Top of Dataset content
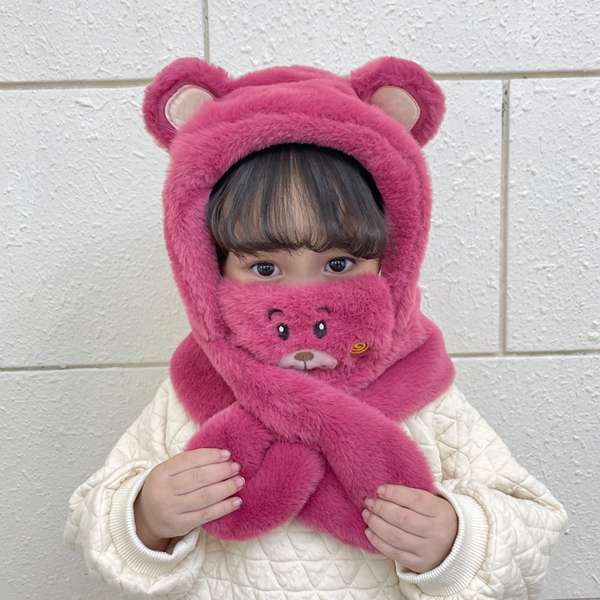 Dễ Thương Mũ Trùm Đầu Kèm Khăn Choàng Hình Gấu Dâu Tây Đáng Yêu Cho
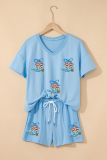 Myosotis Patriotic Sequin Boots Patched V Neck Tee Loose 2pcs Short Set
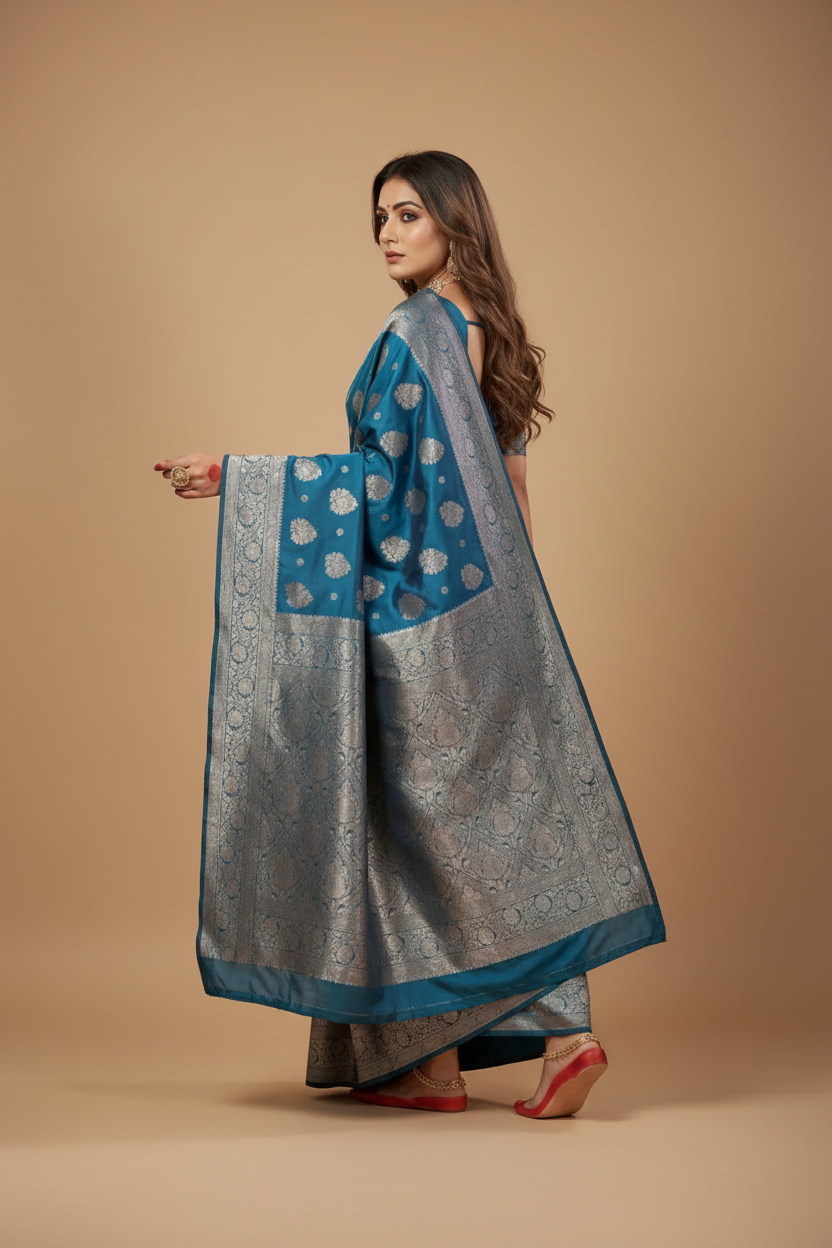 Snuggle Spot Women's Silk Blend Printed Saree With Unstitched Blouse 5.5Mtr (Teal Blue)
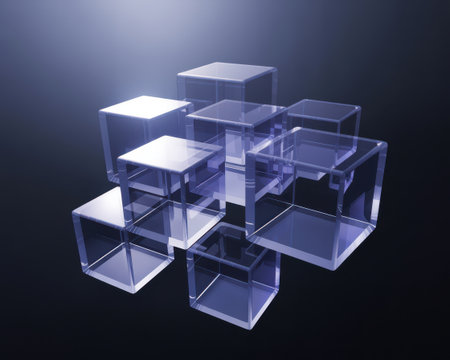 A cluster of transparent, blue-tinted cubes are arranged in a staggered, stacked formation against a softly lit dark background. The cubes have sharp edges and reflect light, creating subtle highlights and shadows that emphasize their geometric form and transparency. The overall impression is clean, modern, and precise.の素材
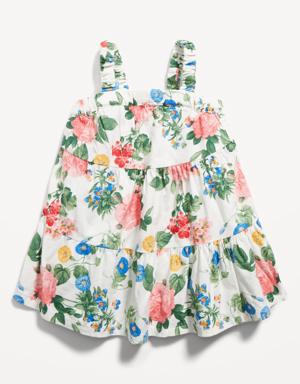 Sleeveless Matching Printed Tiered Swing Dress for Baby pink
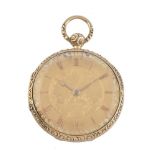 Unsigned, 18 carat gold open face pocket watch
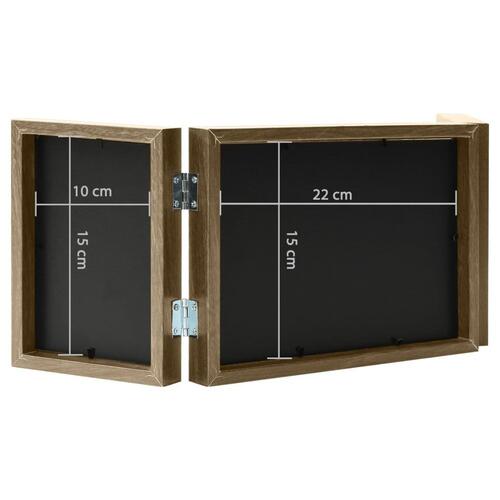 Folderamme til 3 billeder 22x15 cm + 2x(10x15 cm) lysebrun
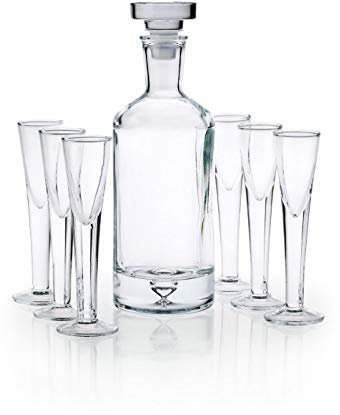Edwanex Karaffe für Whisky, Cognac, Likör, Wein + 6 Gläser Shots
Bottom of Dataset content
> _Work to complete_
Only the lines from the one containing "Sleeveless Matching Printed" through the last line of the entries above, both included, belong in the answer, written out exactly; pictures do not.

> _Answer area_
 Sleeveless Matching Printed Tiered Swing Dress for Baby pink
 Unsigned, 18 carat gold open face pocket watch
 Folderamme til 3 billeder 22x15 cm + 2x(10x15 cm) lysebrun
Edwanex Karaffe für Whisky, Cognac, Likör, Wein + 6 Gläser Shots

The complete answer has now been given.